Jeremy Brown is a retired special forces U.S. Army officer who served 20 years in the military. He was arrested in late September on charges of entering restricted grounds and possession of unregistered firearms.

Brown has been sitting in the Pinellas County Jail for months without bail after a federal judge ruled that he had threatened federal law enforcement officers.


What You Need To Know

  • President Biden called the Jan. 6th attack on the Capitol “an armed insurrection” in a speech in Washington

  • One Bay area man, Largo resident Robert Palmer, was sentenced to 63 months in prison last month in connection with the Jan. 6 riot in Washington where he was seen on video throwing a fire extinguisher at a Capitol police officer. That's the longest sentence anyone has encountered to date

  • At least 70 of the more than 700 people arrested in connection to the Jan. 6 riot are from Florida. Six come from Hillsborough County and six from Pinellas, according to the Palm Beach Post

There were several congressional candidates who spoke in Clearwater on Thursday, including state House member Anthony Sabatini and Cory Mills, both of whom are running in the Central Florida Congressional District 7 race.

“I think it’s interesting how the Democrats have continued to say that the January 6th was quote unquote an ‘insurrection,’” Mills said. “But yet the multiple riots that were destroying blocks after city blocks. Destroying businesses. Murdering people like David Dorn.Those were just ‘peaceful protests’, according to the Democrats.”

Dorn was a retired police captain in St. Louis who was killed on the same night as protests about the death of George Floyd took place.

Christine Quinn, who is now running for the Pinellas County Congressional District 13 seat, took aim at certain members of the Republican Party.

“Are we not smarter than the people in politics, right now?” she asked the crowd while standing on the back of a flatbed truck. ”I mean, if anything, we should be so upset with our Republican representation because in 2016, we had the House. We had the Senate. And we had Trump. And still Trump couldn’t get anything passed.

"Why couldn’t Trump get anything passed? RINOS.” she added, as the crowd chanted in unison, using the acronym to describe what is derisively known as “Republicans in name only.”

Meanwhile at South Straub Park, hundreds of progressive citizens showed up to a “Vigil for Democracy” event, one of a number held throughout the country (including in Tampa and Bradenton).

“Tonight 250 local residents came here to ensure that the attack that took place a year ago doesn’t happen," said John Stewart with Declaration for American Democracy. "That was as assault by militias, and militants, many of them armed, saying the person you voted for, we don’t like him. He’s not going to win."

He called on the crowd to call Florida’s U.S. Sens. Rick Scott and Marco Rubio and tell them to support two voting rights bills being pushed by Democrats in Congress — the John Lewis Voting Rights Act and the Freedom to Vote Act.
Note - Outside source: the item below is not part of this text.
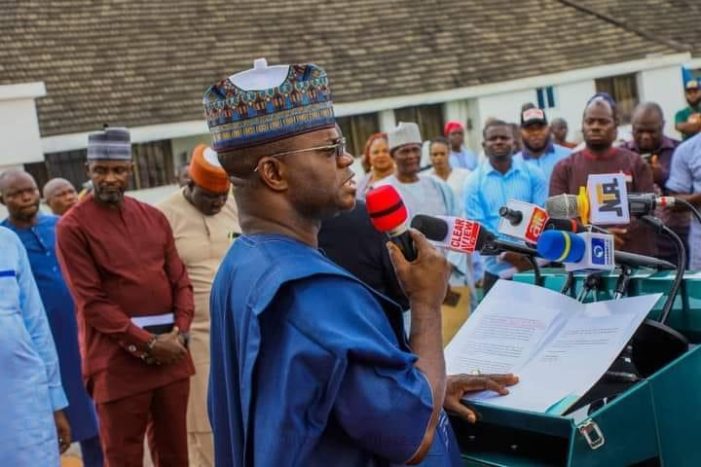 #EndSARS : See what Governor Bello tells protesters in Kogi State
Congressional District 13 Democratic candidate Eric Lynn was asked what it would require to ensure that Jan. 6, 2021, doesn’t happen again. Communication is key, he said.

“We need to work on our intelligence sharing," he said. "We need to make sure that our Capitol Police is gaining intelligence from the FBI, from the Secret Service, from other police forces. Something that didn’t happen on January 6th in the way that it really needed to.”